I managed to prove one inclusion (namely $\subset$) but I've got no idea for the other one.
Take $A=\mathbb{Z}$, $G=1$.
Then $5^3 = 125 = 3\times 25 + 10 \times 5 = 3\times 5^2 + 10\times 5$; $3,10\in A^G$; but $D(5)\neq D(3)\cup D(10)$ (note that $\phi = id$).
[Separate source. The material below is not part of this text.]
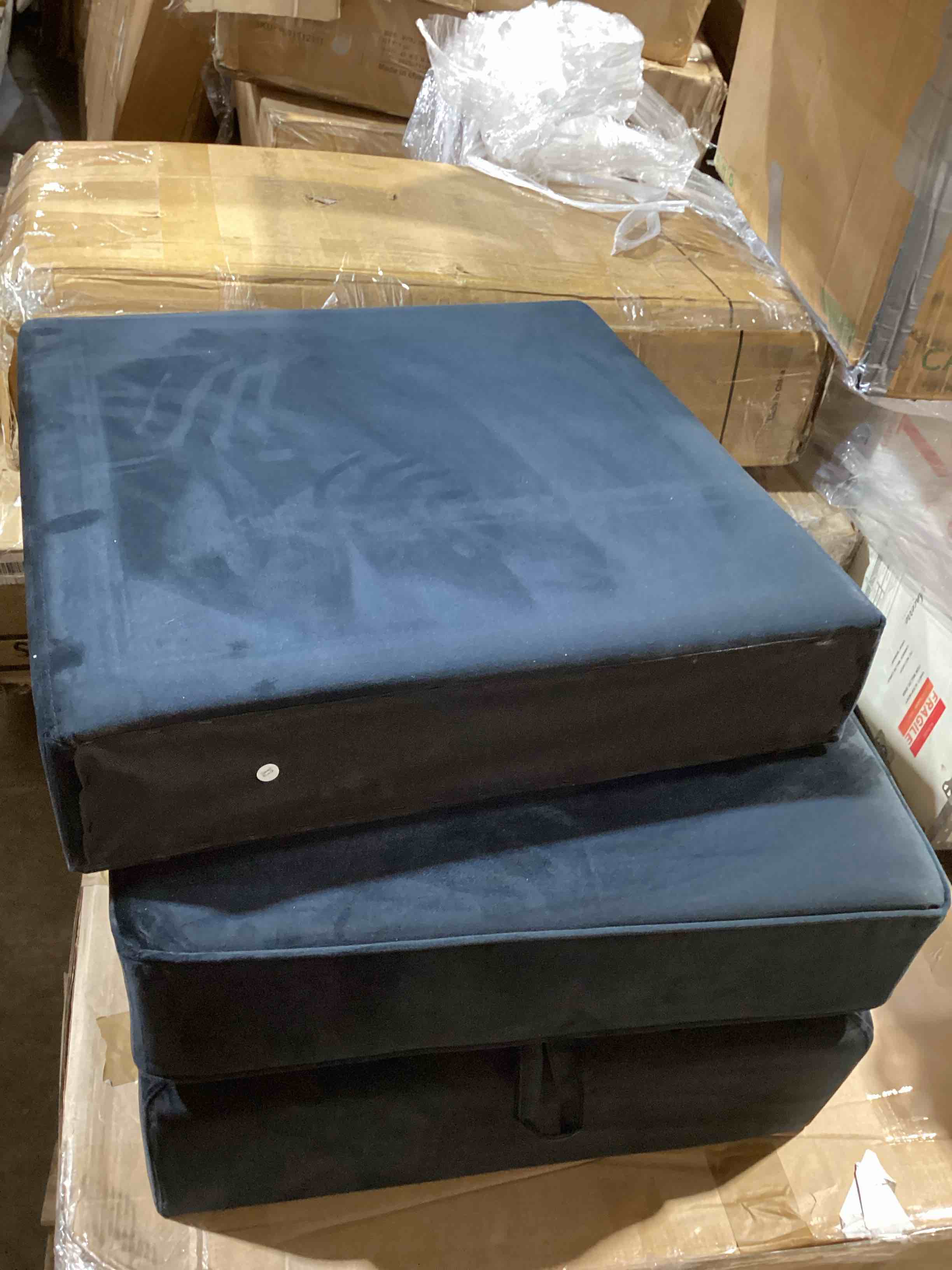 Condition photo showing Good Condition for incomplete: ottoman & hidden arm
So you need some more conditions for it to work, if it can work.
With the new condition : For $i=0$, $b_0 = \displaystyle\prod_{\sigma\in G}\sigma(a)$, thus if $p$ is a prime ideal of $A^G$ and $\phi(q) = p$, and $a\in q$, then $b_0 \in q\cap A^G = p$, thus $p\notin D(b_0)$. Thus $p\in D(b_0)\implies q\in D(a) \implies p\in D(\phi(a))$.
More generally, if $G= \{id=\sigma_0, \sigma_1,...,\sigma_n\}$ we have $b_i = \displaystyle\sum_{i_0<...<i_l} \prod_{k=0}^l \sigma_{i_k}(a)$ for $l=n-i$. Thus if $p$ is prime in $A^G, p=q\cap A^G$ with $q$ prime in $A$, and $b_i\notin p$, then $b_i\notin q$, so for some $i_0<...<i_l$, $\displaystyle\prod_{k=0}^l \sigma_{i_k}(a)\notin q$. Applying $g=\sigma_{i_0}^{-1}$ to both sides we get in particular $a\notin g\cdot q$. But $\phi(g\cdot q) = \phi(q) = p$, so $g\cdot q \in D(a)$ and $p=\phi(g\cdot q)\in \phi(D(a))$, thus $D(b_i)\subset \phi(D(a))$.
Thus $\cup_i D(b_i)\subset \phi(D(a))$. The other inclusion is easy as you pointed out.